Tres días antes de hacer el paseíllo en Las Ventas -el próximo sábado a las 6 de la tarde junto al a estas horas maltrecho Daniel Luque y a Pablo Aguado, paisano, gran rival y autor de unos memorables muletazos el viernes pasado en La Maestranza-, Ortega debutó en el hotel Santo Mauro este miércoles al mediodía de la mano de Isabel Forner y Juan del Val, que hilaron la faena preguntándole por las supersticiones, por el miedo, por el valor, por la profundidad.

Ortega contestó a todo sin darse ninguna coba, reconociendo lo mal que lo ha pasado por los nervios en la habitación de hotel y confesando que bloqueó a un amigo por que le daba mal bajío por Whatsapp con sus felicitaciones.

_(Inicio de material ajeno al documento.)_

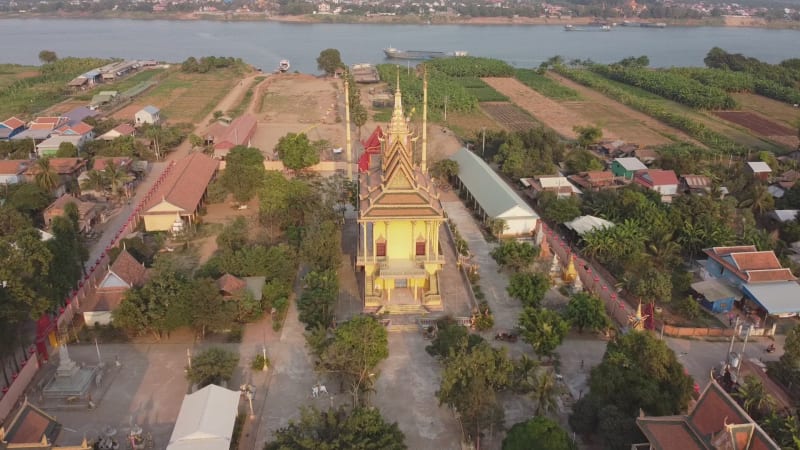 Aerial view of the Pagoda of Chong Koh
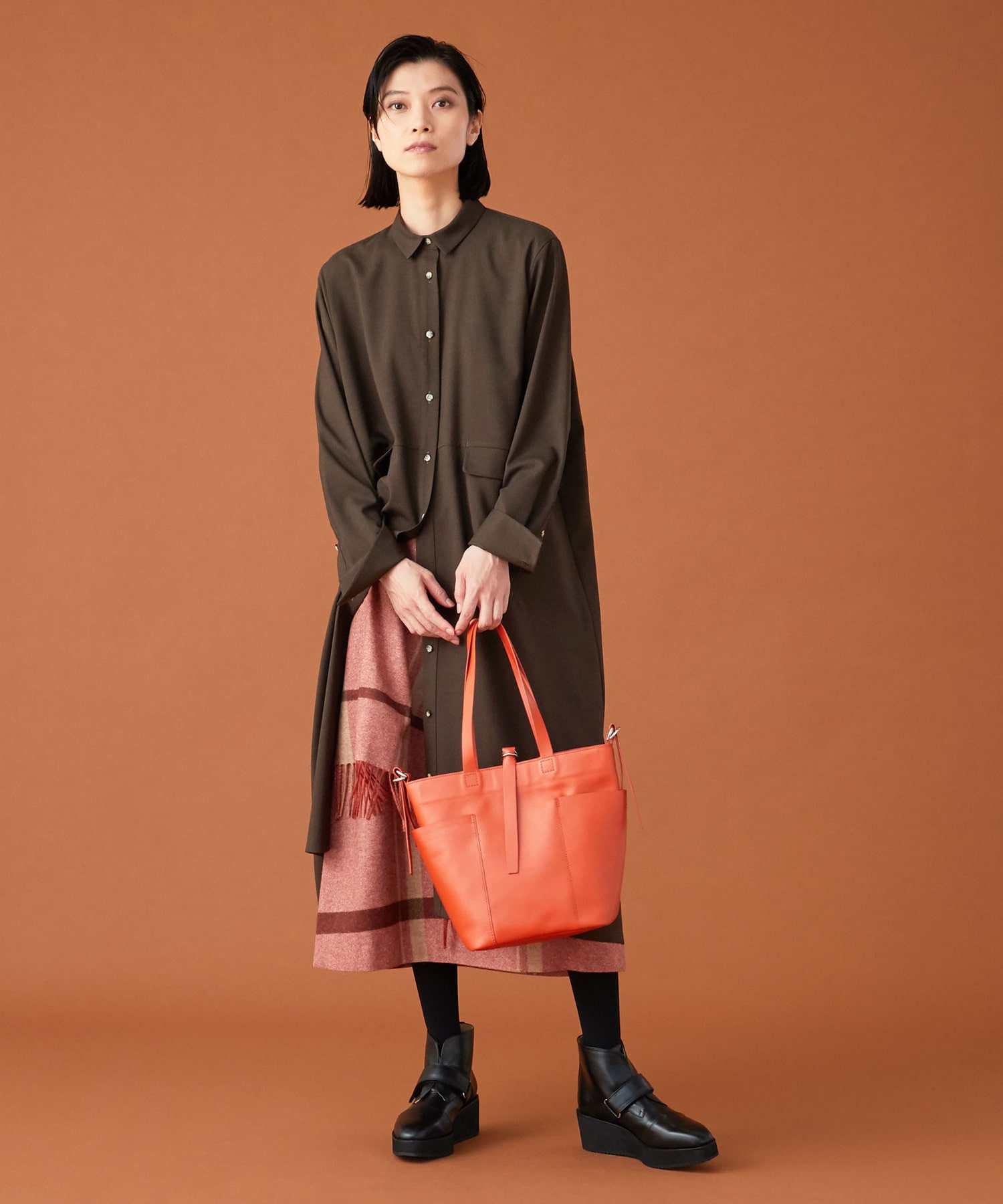 シャークストレッチシャツワンピース Bigi Online Store ビギ オンラインストア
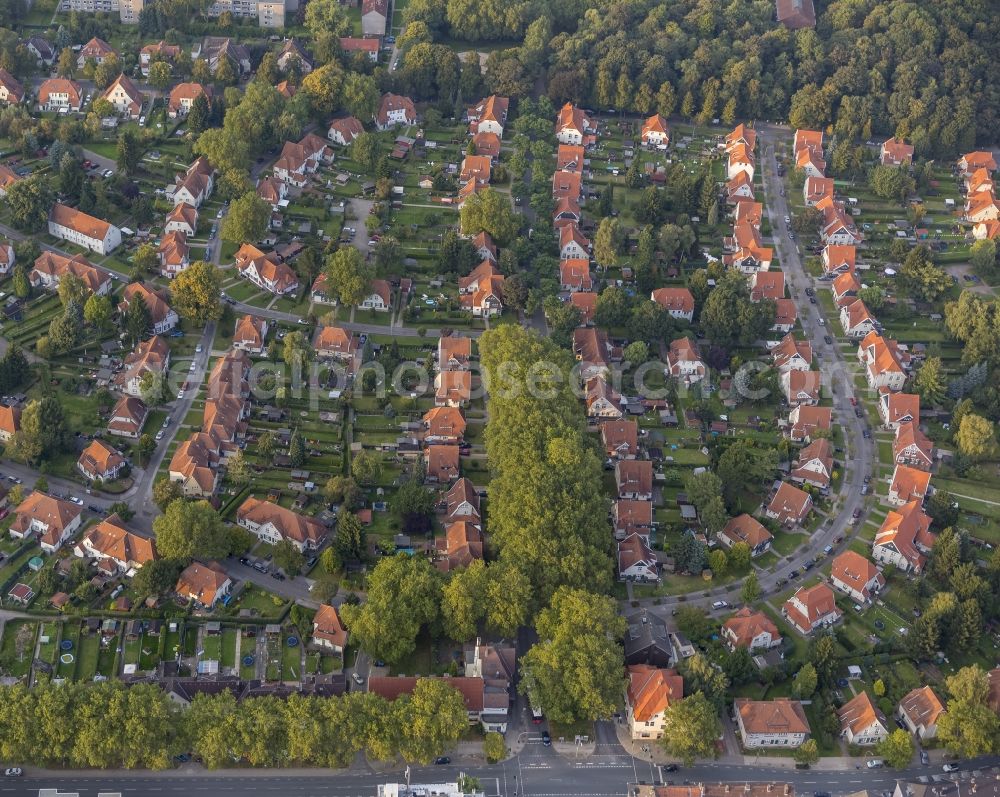 Aerial photograph Herne - Residential settlement Teutoburgia in Herne in the Ruhr area in North Rhine-Westphalia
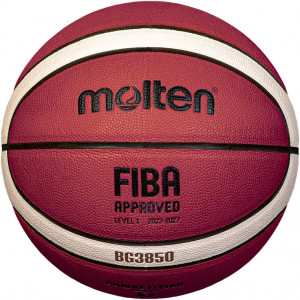 Мяч баскетбольный MOLTEN B7G3850 р.7, FIBA Appr, синт.комп.кожа (ПУ),12 пан,бут.кам,нейл.корд,кор-беж-чер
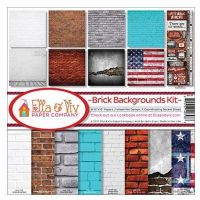 Дизайнерски хартии "Brick Backgrounds", 30см, Reminisce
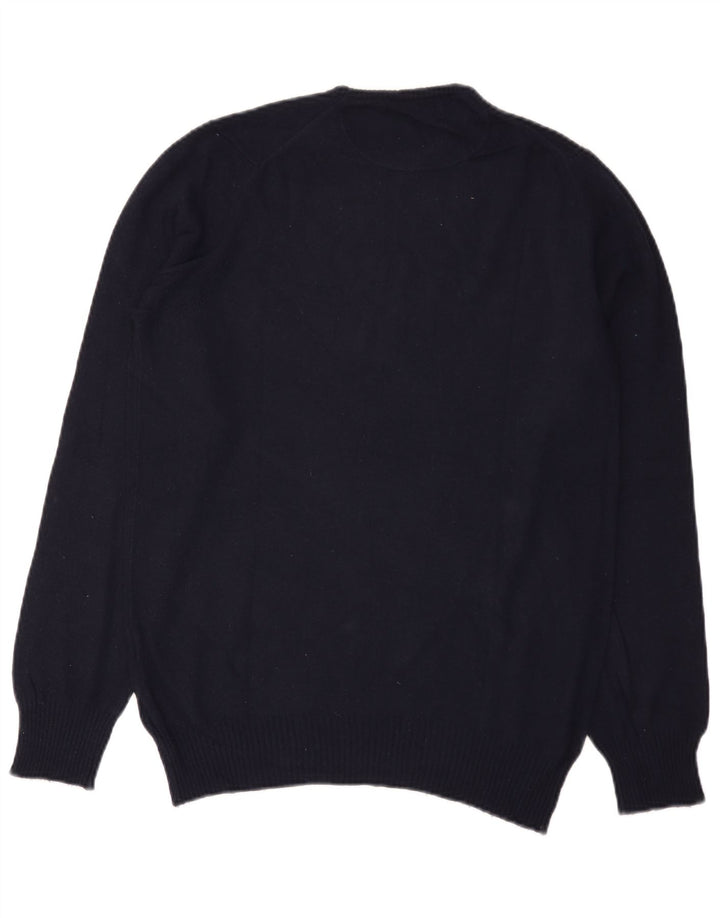 Ανδρικό πουλόβερ Zara Crew Neck Jumper Μεγάλο Navy Blue
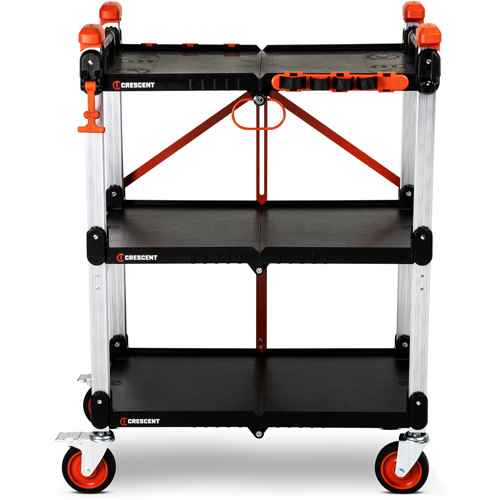 [UAY631] Chariot de chantier pliable à 3 étagères SITERUNNER (UAY631)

El domingo cumplirá 33 años, nueve de ellos como matador de toros. La mitad casi en la travesía del desierto

Habló Ortega de la profundidad y ahí la vinculó directamente con el cuerpo. El cuerpo es el que produce la profundidad en el toreo, eso tan difícil de conseguir solo superado por el mismo hecho de ser torero.

Ser torero, vivir de torero, es una prioridad, por delante de los padres, por delante de la pareja, por delante de los niños. Y por delante de la salud. Se dice muy fácil, pero es un trago hacerlo, se confesaba Ortega, priorizar el toreo delante de todas esas cosas.

Sin citarla expresamente, Juan Ortega hizo una oda a la técnica. Tú puedes nacer torero, pero sin trabajo -sin mucho trabajo en la sombra, cuando no eres absolutamente nadie, dícese Juan Ortega ya matador de toros hace apenas un puñado de años-, sin pulirse, sin entrenar muchas, muchas horas no llegas a nada.

Delgadísimo, con un aspecto impecable de torero, Juan Ortega se vino a un salón rococó de Chamberí tres días antes del paseíllo en Las Ventas rodeado de cierta intelectualidad. Sin darse ninguna coba, pensando, como todos los días que ha toreado en Madrid, que "esta va a ser". El domingo cumplirá 33 años, nueve de ellos como matador de toros. La mitad casi en la travesía del desierto -no hacerte nadie ni puñetero caso- y, desde una tarde del confinamiento televisada, regalando ambrosías.

Tras la conversación, que no sobrepasó la hora, se sirvió champán frío.